The Wright's Rodolfo Contreras on Going From Busboy to Exec Chef, The Tastes of Mexico City, and Overrated Ingredients

Rodolfo ContrerasEXPAND
Rodolfo Contreras

Yesterday, we talked with The Wright's executive chef Rodolfo Contreras about growing up in his mother's Mexico City kitchen, his cooking style, and why most New York restaurants disappoint him.

Today, in the second half of the interview, Contreras lets us in on his path from busboy to executive chef; what it was like to be a guy from Mexico City in a French kitchen a decade ago; his first taste memory; and the most overrated ingredient in use today.

What foods from Mexico City do you miss in particular? Well, basically all the foods I used to eat in Mexico are not available here. And like I say, I don't trust the restaurants, because I really don't know what they cook in. I definitely miss my mother's way of cooking. You can find some of the ingredients--in New York you can find everything--but it is not worth it to cook for one or two people at home. I don't have time anyway. But I miss the food my mother cooks.

What's your earliest taste memory, the first thing you remember eating? Well, because we came from a very poor family, my father used to make homemade cakes with very basic ingredients: butter, cream, eggs, and leftover bread that he bought from the bakery. He made cake from that bread. To me, the skill he had to make cake from leftovers...I remember the taste, the flavor of that cake. I remember him baking it at six or seven in the afternoon, and we would eat it at night. I come from a family that cooks: My mother and father both like to cook. You worked your way up from busboy to executive chef. It must have been difficult.

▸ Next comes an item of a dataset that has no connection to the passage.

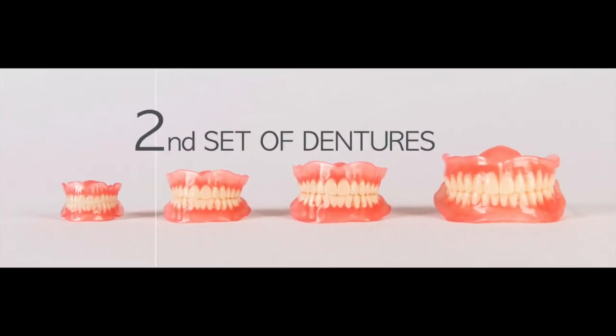Printed dentures have a huge advantage over conventionally processed dentures: making a second set is practically as simple as pushing the print button from the digital file. When a patient has accidentally lost or broken their denture, you can simply reprint it without doing all the procedures again. For example, this patient received their denture but then lost it. Since the digital print file was saved, we were able to reprint a second set and deliver it to the patient.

Yeah, at first I was working as a waiter and busboy. But I don't like to smile very much, so being in the dining room, it was very difficult because you are smiling all the time. And I was always critical of the food coming from the kitchen--I thought I could do better than that.

So I went to the French Culinary Institute. It was very hard to move from bottom to top, but I was very aggressive. From being a line cook to being a chef for Bouley, it took me six to eight years. It's not easy, not everyone makes it to be a chef. A lot of guys never make it to the top.

Did you find that people were prejudiced against you because of your background?

Definitely, I worked in French restaurants, and yes. I love that chefs from Spain opened the doors for all of us from all over the world. So now it's different, but 10 years ago, in a French or Austrian restaurant, it was difficult to belong in that kind of kitchen. You know, we have the skills: We can cook the food. But we have to prove ourselves twice because we are from another country. We have to work harder. I'm not complaining, but it's disappointing.

  Are there any places at all in, say, Brooklyn or Queens, that you like for Mexican food?

I really don't go out to eat. There are a couple of places in Astoria, which are not really restaurants, more delis that also sell Mexican food. Most of the Mexican restaurants here are not really authentic Mexican, because it's not easy to make. You need real skills.

What's the most overrated ingredient that you see everywhere?

I feel that most of the chefs using microgreens put it on every single plate. I use chervil for finishing some fish or meat, and that one I like to use. So I use microgreens, but only in dishes that I think needs them. One or two dishes, no more than that.

What's in your refrigerator at home?

I don't have a lot of food in my refrigerator because I don't cook at home. I have slices of fresh ham, turkey, and bread. Not many things. And sparkling and flat water, that's about it. That way I don't have to clean the refrigerator. I open it about once a week.